▶ GIVEN DATA:
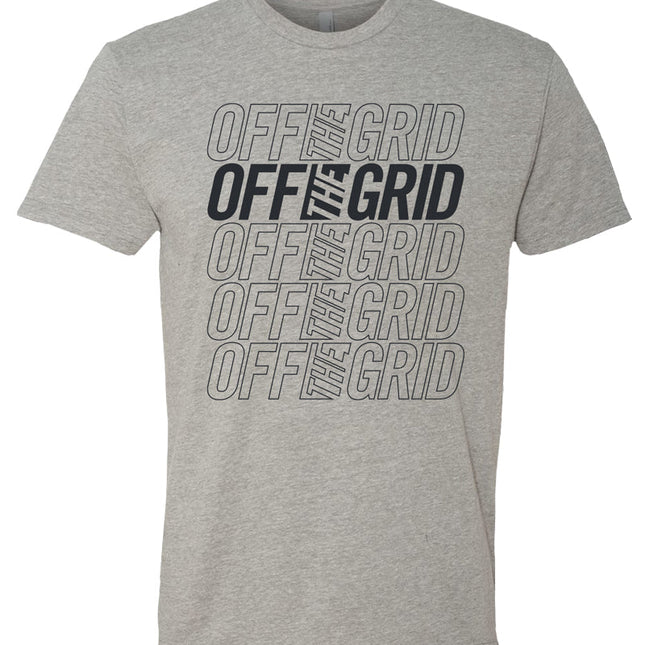 Stacked S/S Tee Shirt - Athletic Heather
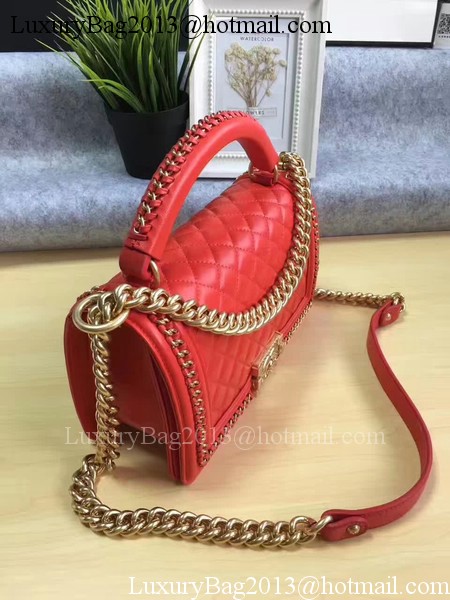 Boy Chanel Flap Bag Original Calfskin Leather A67086B Red Boy Chanel Flap Bag Original Calfskin Leather A67086B Red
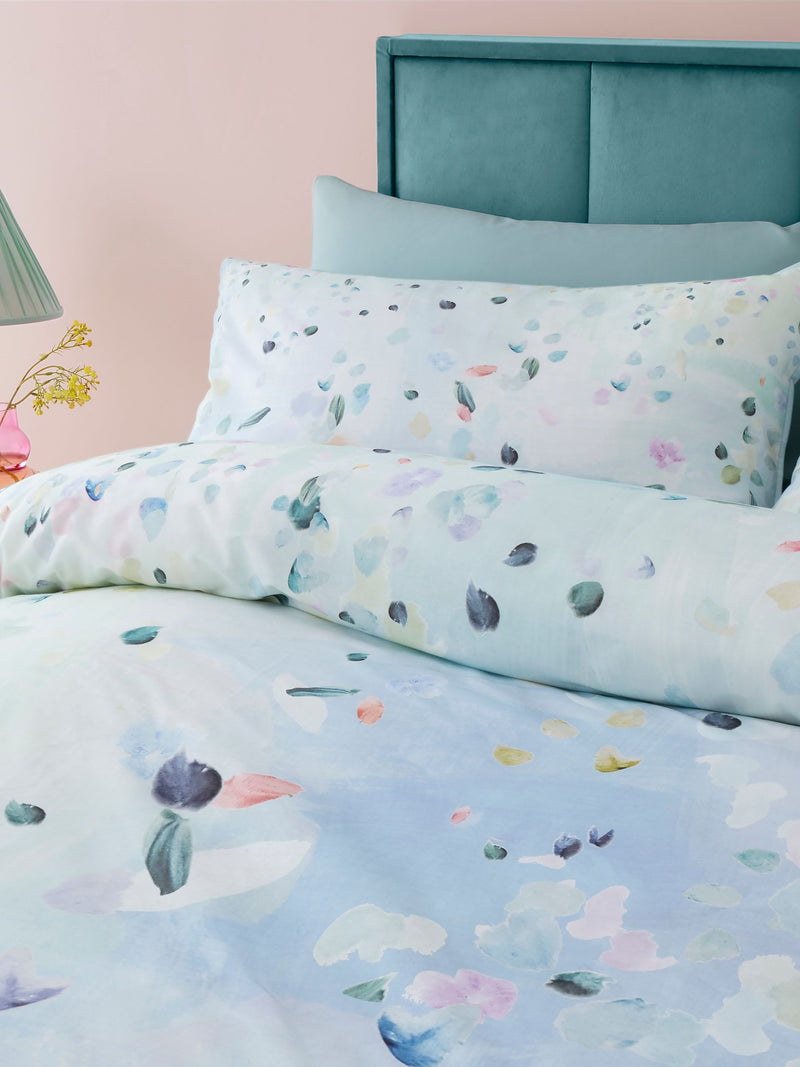 Appletree Duck Egg Alfresco duvet cover set - British product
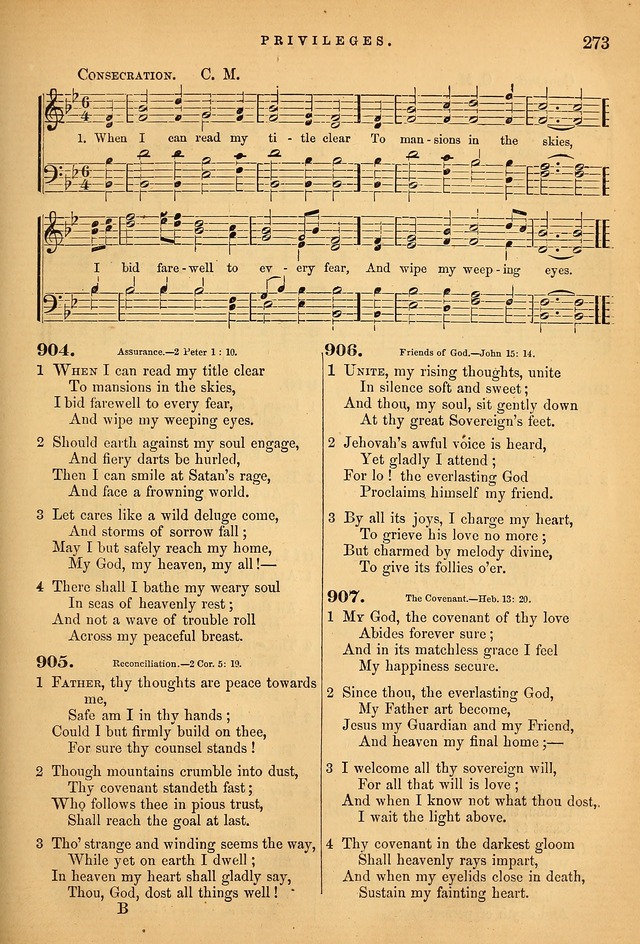 Songs for the Sanctuary; or Psalms and Hymns for Christian Worship (Baptist Ed.) page 274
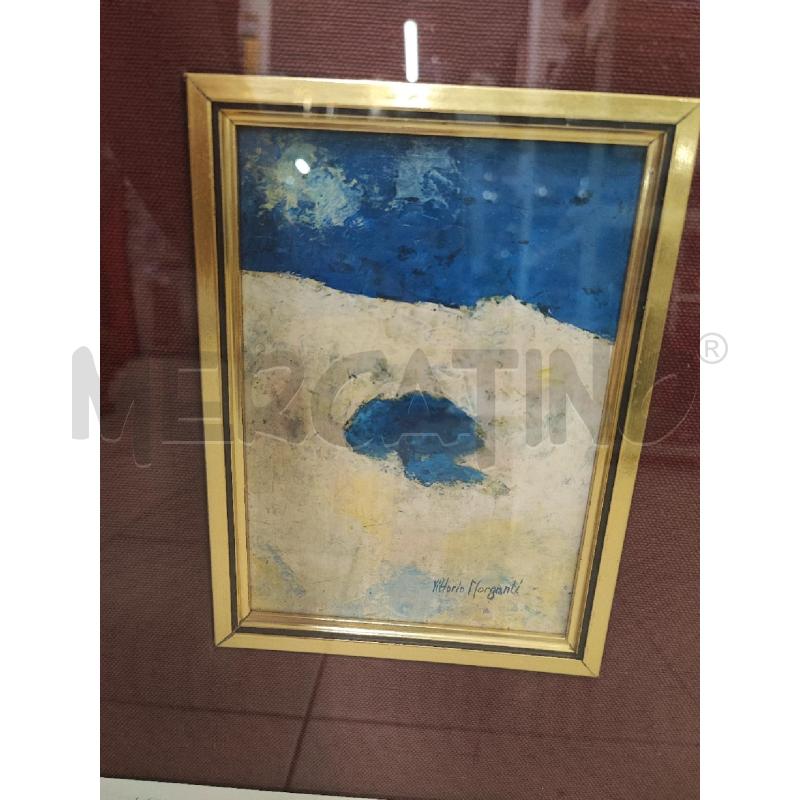 DIPINTO PICCOLO ASTRATTO BLU MORGANTI  | Mercatino dell'Usato Roma gregorio vii 2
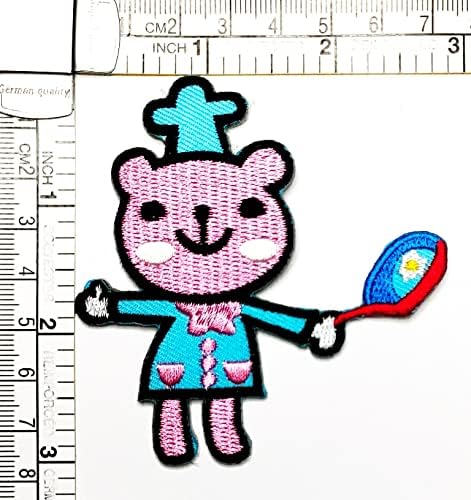 Salvete Plus 3kom. kulinarski medvjed crtani dječji željezo na zakrpama medvjed modni stil Vezeni motiv aplicirani ukras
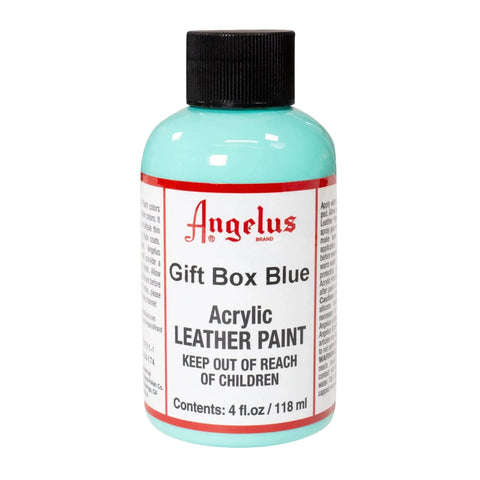 Angelus Gift Box Blue Acrylic Leather Paint - 4 oz.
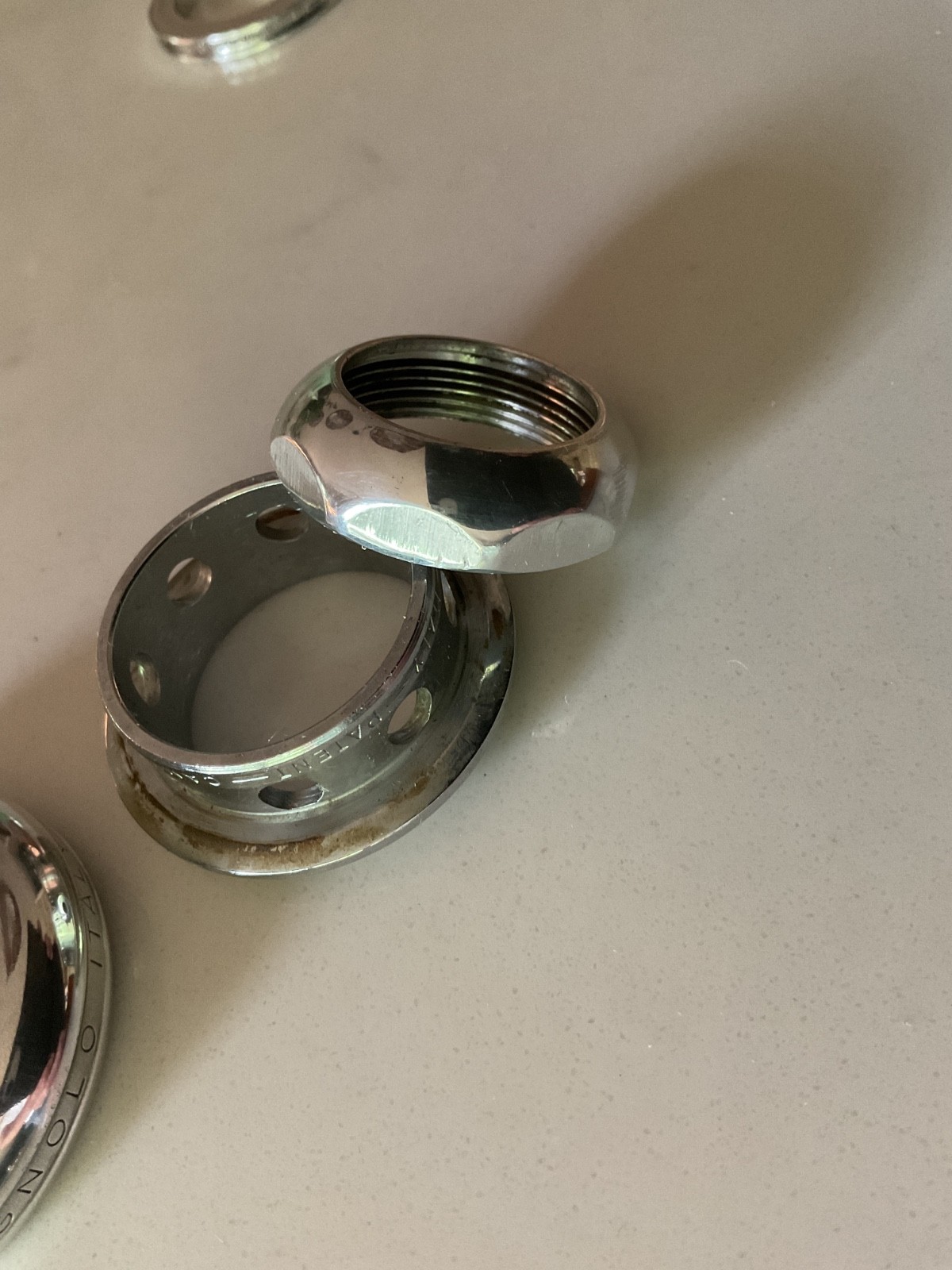Campagnolo Super Record Headset 1980s Italian Works Well Non Original Locknut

▶ EXERCISE OBJECTIVE:
Could you retype every record exactly, leaving the pictures out?

▶ ANSWER SECTION:
 Stacked S/S Tee Shirt - Athletic Heather
 Boy Chanel Flap Bag Original Calfskin Leather A67086B Red Boy Chanel Flap Bag Original Calfskin Leather A67086B Red
 Appletree Duck Egg Alfresco duvet cover set - British product
 Songs for the Sanctuary; or Psalms and Hymns for Christian Worship (Baptist Ed.) page 274
 DIPINTO PICCOLO ASTRATTO BLU MORGANTI  | Mercatino dell'Usato Roma gregorio vii 2
 Salvete Plus 3kom. kulinarski medvjed crtani dječji željezo na zakrpama medvjed modni stil Vezeni motiv aplicirani ukras
 Angelus Gift Box Blue Acrylic Leather Paint - 4 oz.
Campagnolo Super Record Headset 1980s Italian Works Well Non Original Locknut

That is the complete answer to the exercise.